Scaling up formal methods requires additional constraints to be taken into account for critical applications. For example, while it is crucial to make at least the first manned flight to Mars before imagining the first regular link between Mars and Earth, acceptable methods for the first experimental shuttle will not necessarily be acceptable for the first commercial shuttle. In the same way, we came to the conclusion that we needed to develop a new language and a new approach, based essentially on the state of the art in formal methods, on the prodigious knowledge accumulated over the last few decades in this field and more broadly in theoretical computer science. But we also concluded that certain features considered to be "must-haves" in the academic world should be dropped, as they seemed too costly at the present time in view of the specific constraints of the industrial context. For example, we decided not to use the higher order, at least initially. We have also departed from the tendency to eliminate loops in program descriptions: our function definitions are not necessarily recursive and can adopt an imperative style, while the language remains functional.

In this presentation, we briefly describe the proof and generation work carried out on a first microkernel. We then describe the process that led us to understand the specific requirements to be taken into account in defining our approach. This process is based on the author's experience in applying formal methods in industry over the last three decades.

We then argue (without elaborating) that, in the field of cyber-security, the only real technological lock remains the need to get as close as possible to zero fault. The errors to be eliminated are those of implementation, design, specification, configuration, context of use and so on. This gives formal methods and our approach tremendous potential for large-scale application, with the ability to turn later to areas with less demand for software quality.

We then go on to describe in more detail some of the main specific needs we have identified, and use examples to illustrate the main specific features of our language and accompanying approach. We explain why we believe these features are appropriate to address the specific needs identified. This is the longest part of the presentation.

As an example, we describe why we felt it was important to separate control and data.

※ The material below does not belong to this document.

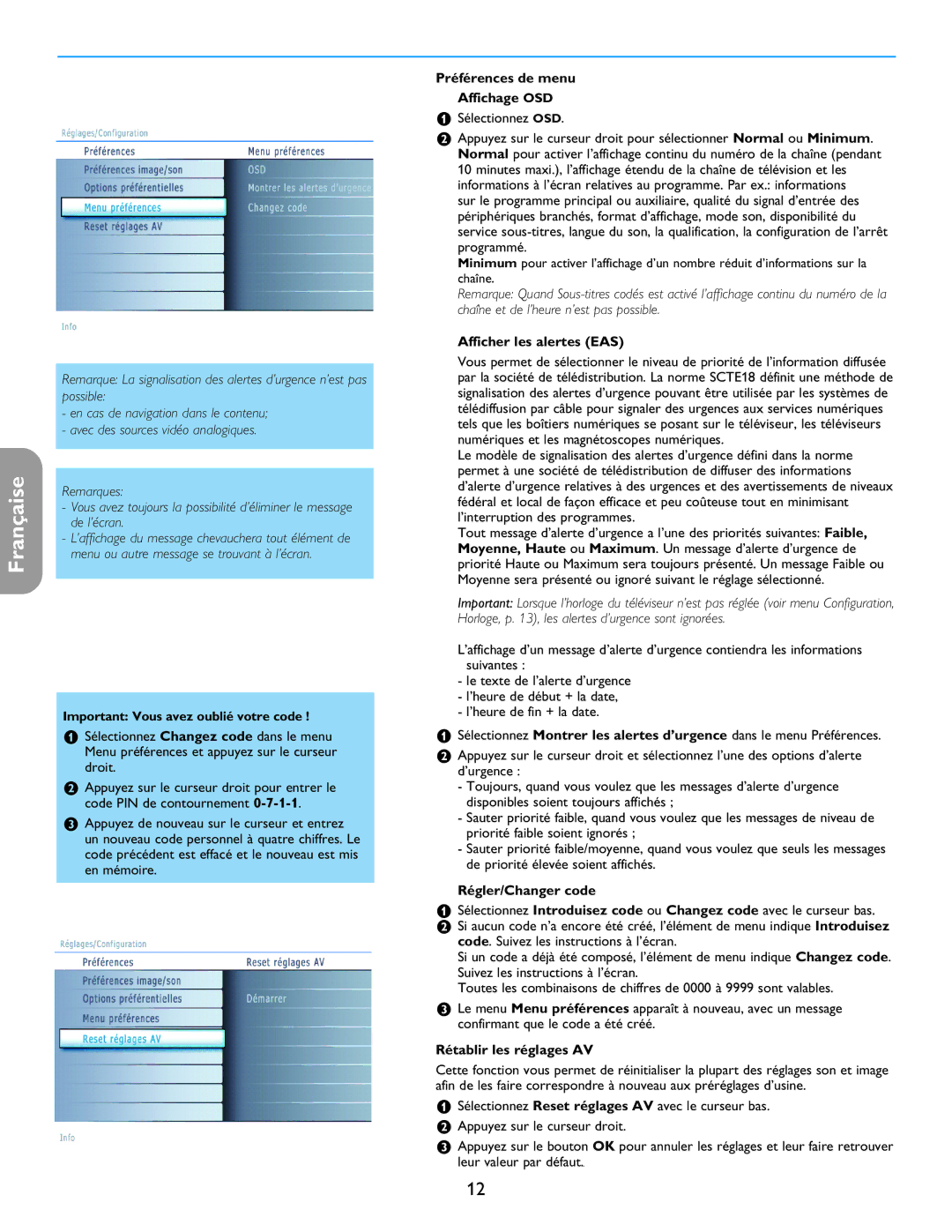 Philips 42PF5321D/85 Préférences de menu Affichage OSD, Sélectionnez osd, Afficher les alertes EAS, Régler/Changer code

We also describe how the best developers accustomed to high-quality software can regain their intuition and intimate understanding of how their software works, even if they haven't done a thesis in formal methods. (However, it is clear that the Prove&Run team that develops and uses the tools is currently made up of ultra-specialized profiles). In particular, we show the usefulness of separating for each function or operation the different types of treatment (normal case, possible degraded or exceptional cases, special cases) and applying this structuring to proof obligations and proofs themselves.

We conclude by briefly describing the work we began in 2014 on the formal development of next-generation micronuclei, and then talk more generally about the prospects we see for large-scale development based on formal methods.